_Data records:_
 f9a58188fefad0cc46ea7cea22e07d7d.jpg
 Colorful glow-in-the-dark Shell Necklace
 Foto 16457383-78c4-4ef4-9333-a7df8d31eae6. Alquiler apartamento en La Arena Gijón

==

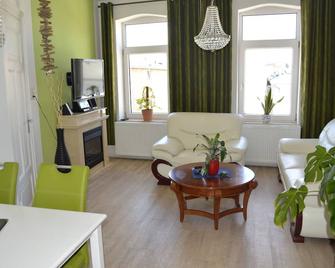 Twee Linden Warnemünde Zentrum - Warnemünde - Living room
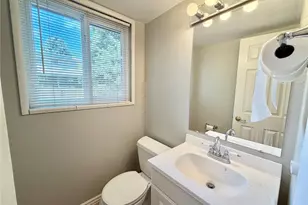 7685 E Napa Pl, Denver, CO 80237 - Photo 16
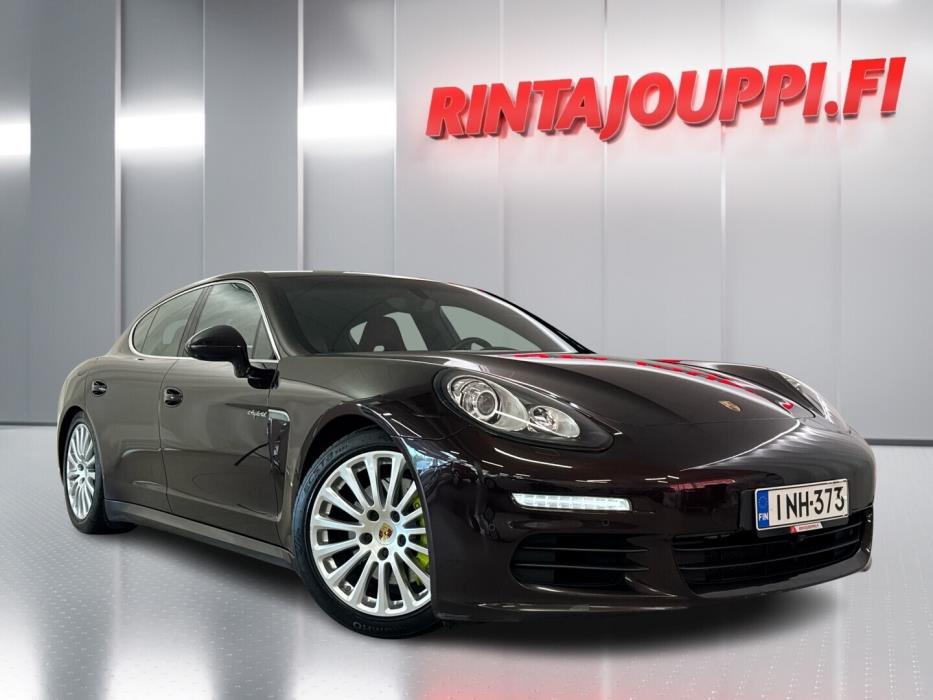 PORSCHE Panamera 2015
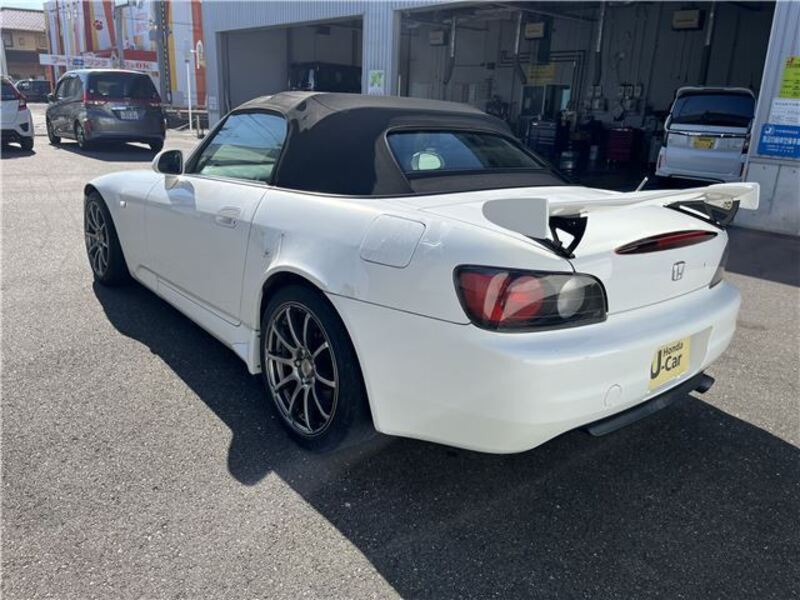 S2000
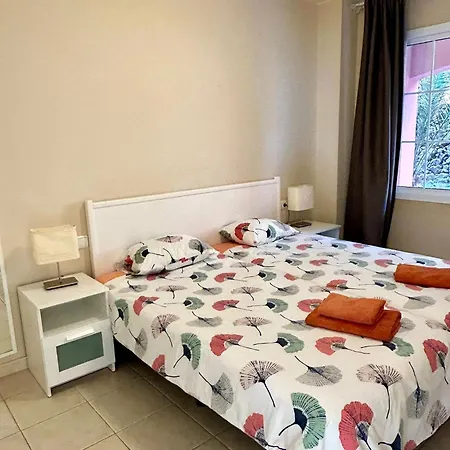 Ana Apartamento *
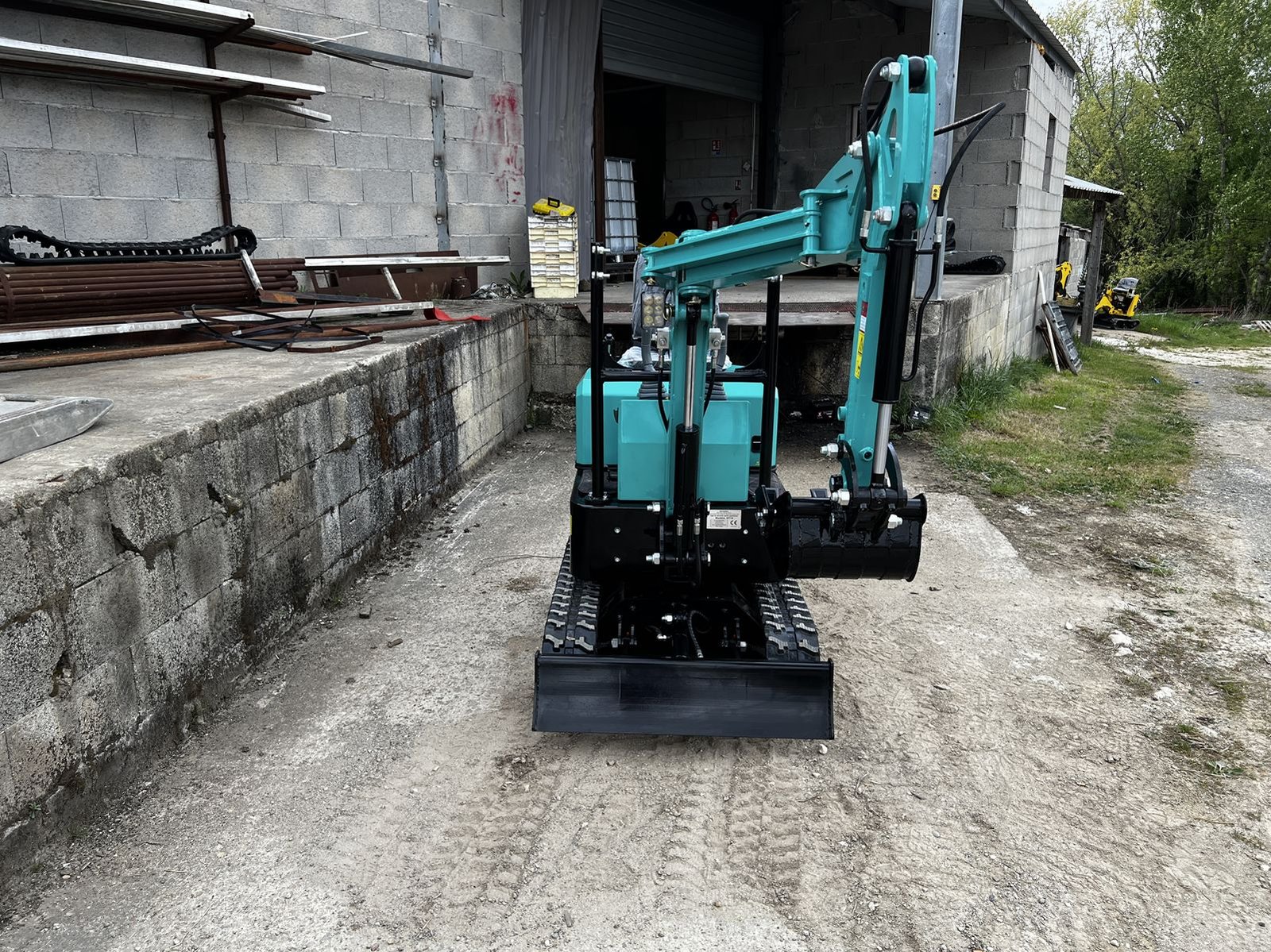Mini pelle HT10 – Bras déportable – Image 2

==

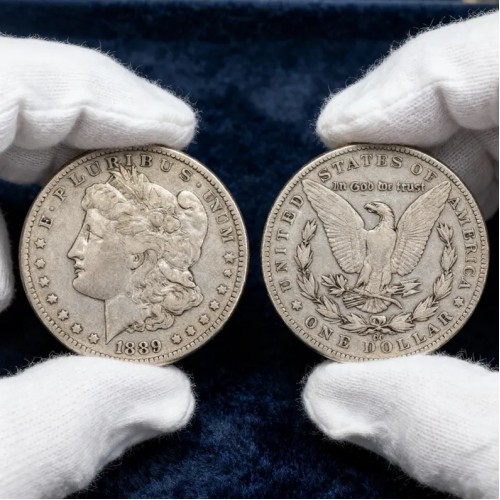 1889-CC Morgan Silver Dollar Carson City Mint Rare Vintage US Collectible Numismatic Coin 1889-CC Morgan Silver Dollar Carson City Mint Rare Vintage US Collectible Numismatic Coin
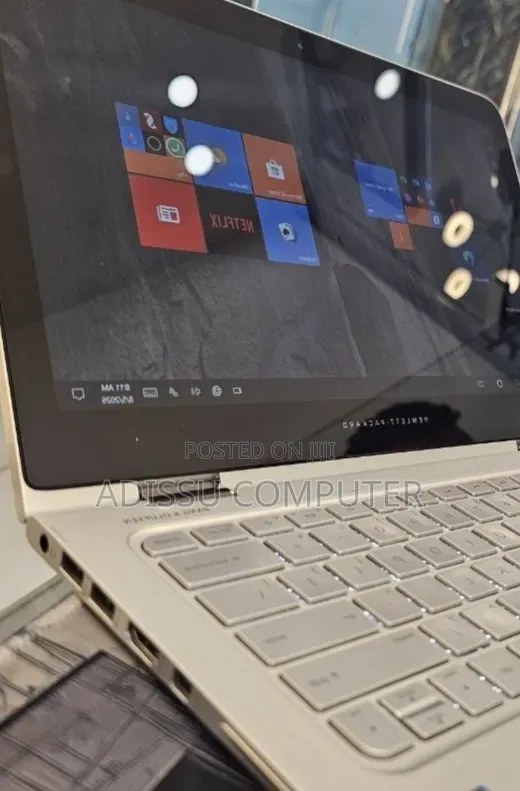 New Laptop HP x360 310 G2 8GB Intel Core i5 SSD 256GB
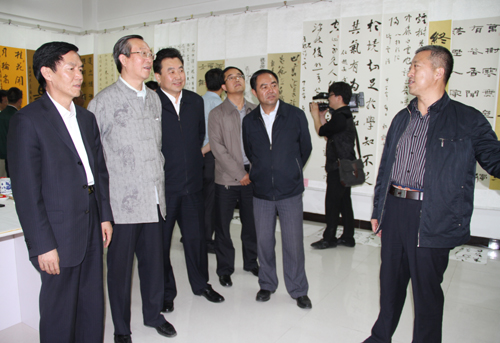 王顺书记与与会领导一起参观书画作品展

_Exercise goal:_
Look back at the data above, then output exactly the lines from the line holding "Numismatic Coin 1889-CC" up to and including the line holding "王顺书记与与会领导一起参观书画作品展". Leave out the pictures.

_Solution for this problem:_
 1889-CC Morgan Silver Dollar Carson City Mint Rare Vintage US Collectible Numismatic Coin 1889-CC Morgan Silver Dollar Carson City Mint Rare Vintage US Collectible Numismatic Coin
 New Laptop HP x360 310 G2 8GB Intel Core i5 SSD 256GB
 王顺书记与与会领导一起参观书画作品展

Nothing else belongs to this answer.